*Work order*
Could every line below be transcribed exactly, with the pictures dropped?

::: Material for the task

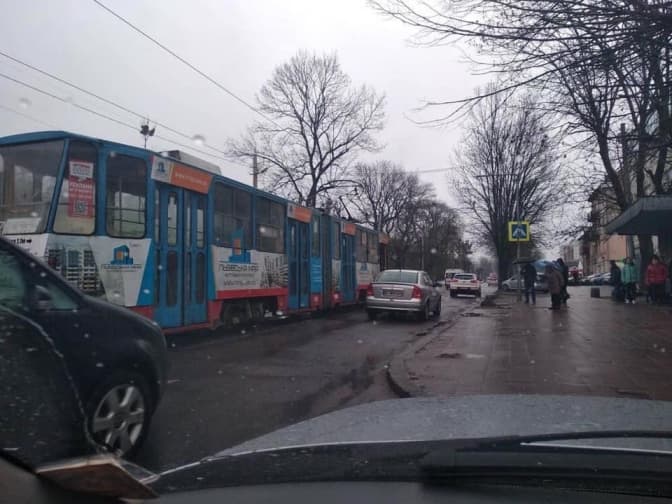 Ситуація на дорогах Львова: не курсують трамваї №7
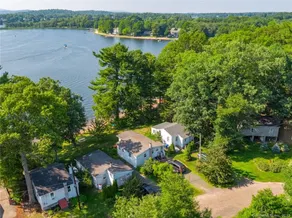 The Congamond Cottages: Private Lakefront Cottage - Image 4
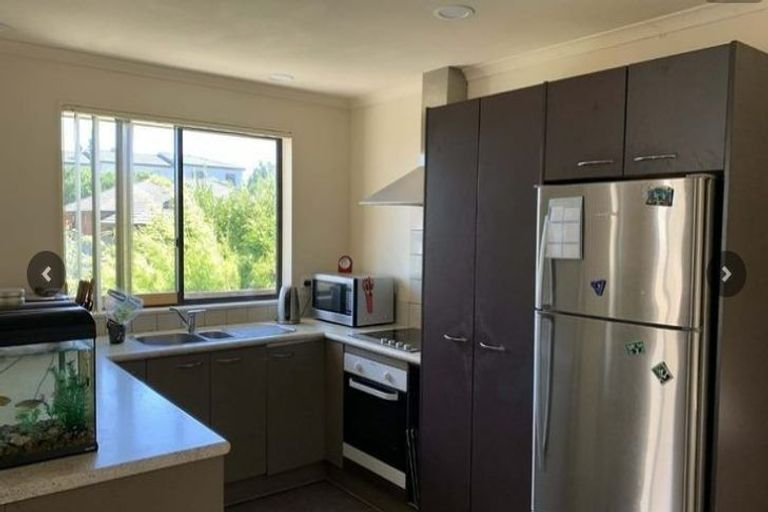 Photo of property in 10 Nimstedt Avenue, Oteha, Auckland, 0632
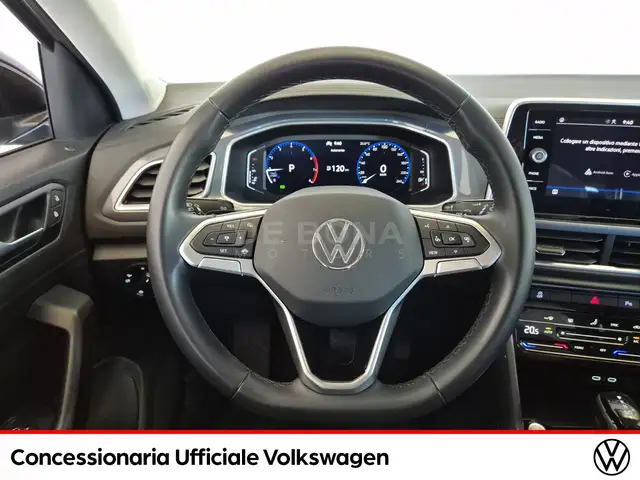 Volkswagen T-Roc view 11
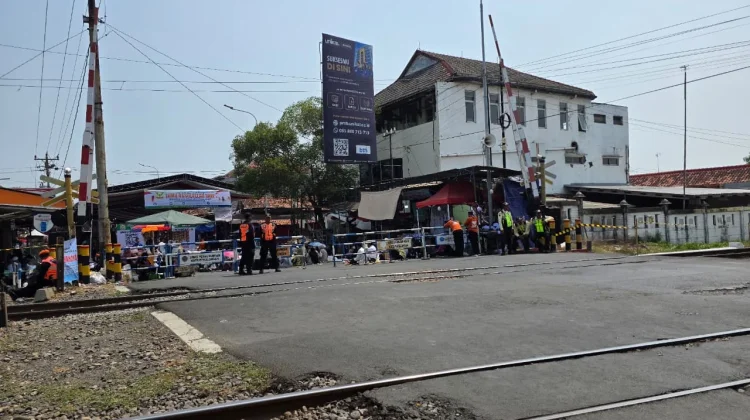Jemaah Maulid Kanzus Selawat Membeludak, KAI Perketat Pengawasan Jalur Kereta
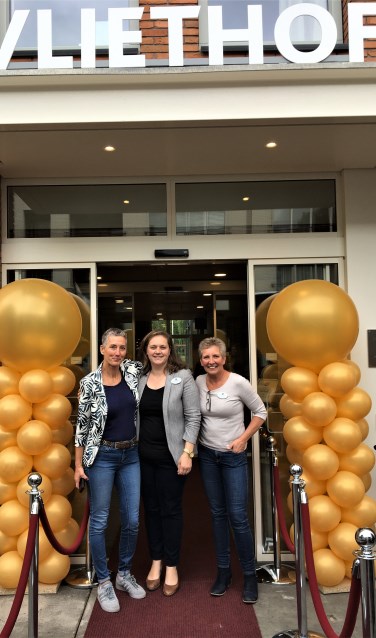 Arianne Samsom, Annemarie Baas-Braun en Marjolein Wijnants op de rode loper bij WZH Vliethof (foto: pr WZH).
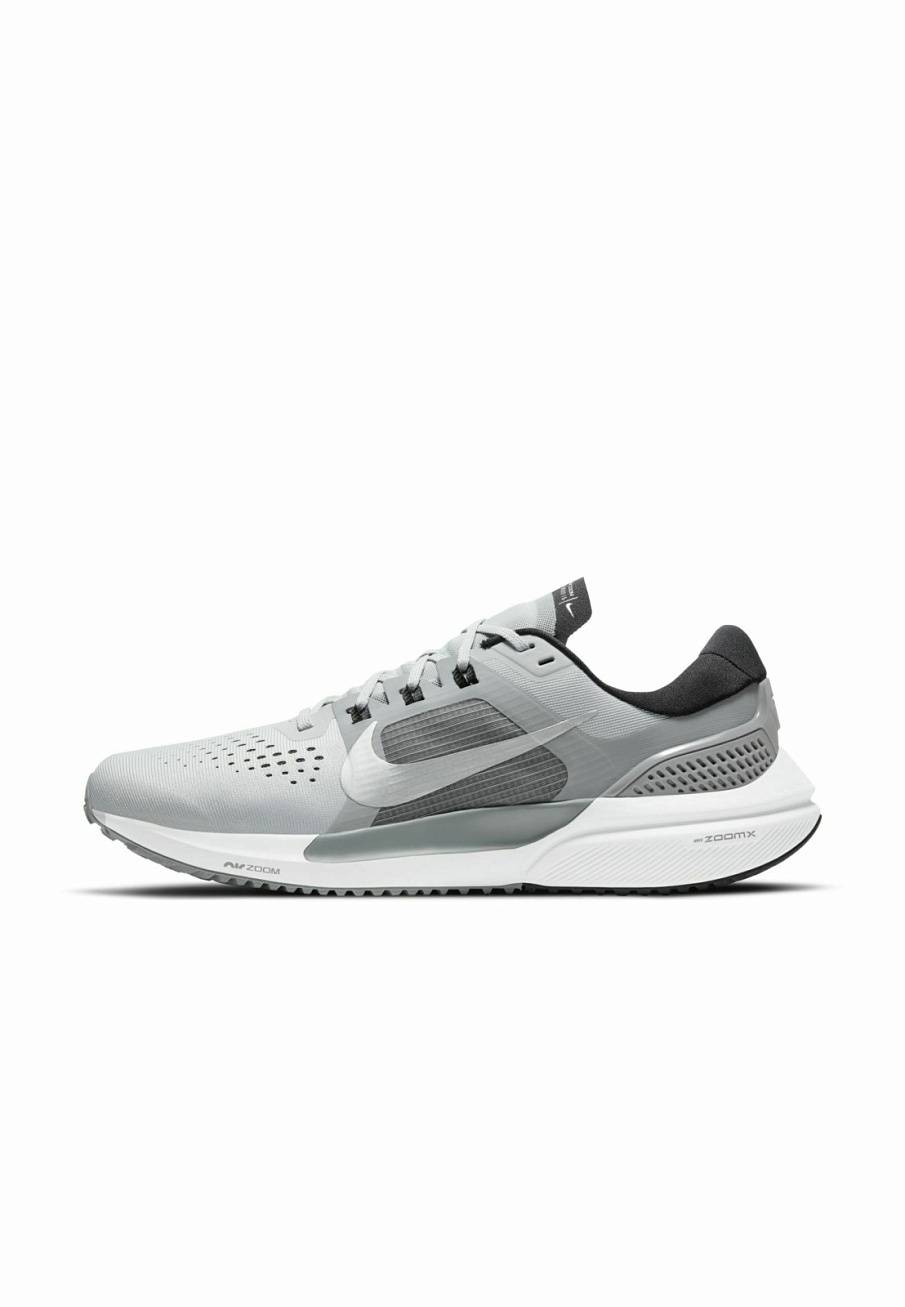 Фото № 1 с приближением к товару «‎Nike Air Zoom Vomero 15»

::::::

*Exercise solution*
 Ситуація на дорогах Львова: не курсують трамваї №7
 The Congamond Cottages: Private Lakefront Cottage - Image 4
 Photo of property in 10 Nimstedt Avenue, Oteha, Auckland, 0632
 Volkswagen T-Roc view 11
Jemaah Maulid Kanzus Selawat Membeludak, KAI Perketat Pengawasan Jalur Kereta
 Arianne Samsom, Annemarie Baas-Braun en Marjolein Wijnants op de rode loper bij WZH Vliethof (foto: pr WZH).
 Фото № 1 с приближением к товару «‎Nike Air Zoom Vomero 15»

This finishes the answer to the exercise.